Layer-wise Inference that reduce greatly reduce memory usage #4310

Dec 3, 2023

sorasoras
Dec 3, 2023

AirLLM optimizes inference memory usage, allowing 70B large language models to run inference on a single 4GB GPU card. No quantization, distillation, pruning or other model compression techniques that would result in degraded model performance are needed.
https://github.com/lyogavin/Anima/tree/main/air_llm
Kind of interesting method for inference reducing memory usage
https://huggingface.co/blog/lyogavin/airllm
I was wondering if this can be implement in llama.cpp in some way so that make small vram GPU usable.

cmp-nct · Dec 3, 2023

ggerganov
Dec 3, 2023
Maintainer

This has been supported forever in llama.cpp.
Build with CUBLAS and set -ngl 0 - am I missing something?

5 replies

cmp-nct Dec 3, 2023

Yep that still works, though it's hardly optimized for the use case.
Though I'm not sure if there is any practical use in it, even if optimized that's so slow you are better off doing it on CPU.

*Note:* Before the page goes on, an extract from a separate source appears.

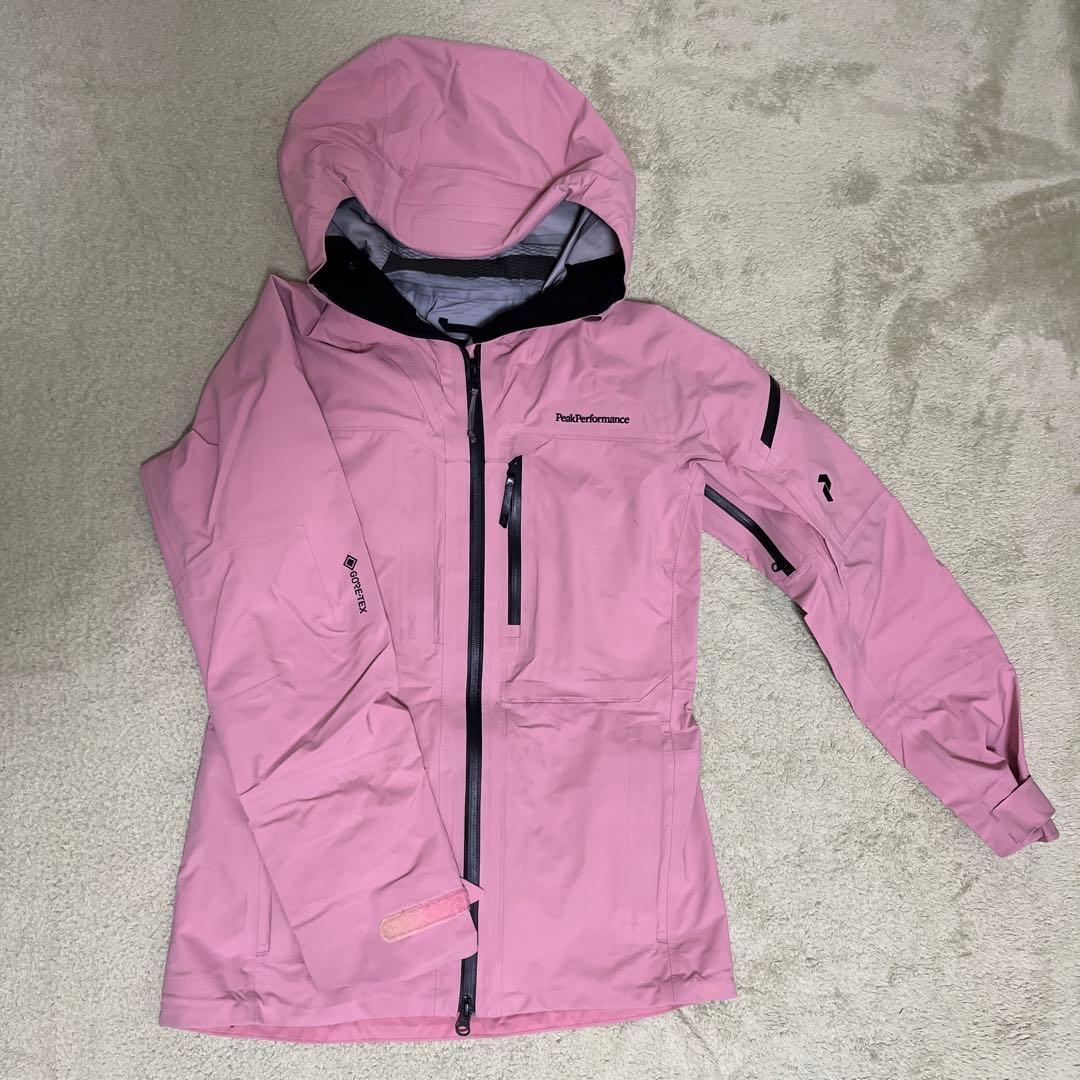 ピークパフォーマンス⭐️アルパインGORE-TEXジャケット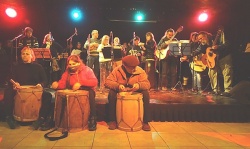 La Orquesta Folklórica de Hurlingham.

I just tried it, 2.77 tokens/sec on GPU (4090) and 2.72 tokens on CPU (I9)

For modern cards with fp8e4 cublas (that support wasn't added yet in this rep) I suppose it would beat CPU, given it's 2-3 times faster in processing than fp16. It's still a strange use case

ggerganov Dec 3, 2023
Maintainer

For modern cards with fp8e4 cublas (that support wasn't added yet in this rep)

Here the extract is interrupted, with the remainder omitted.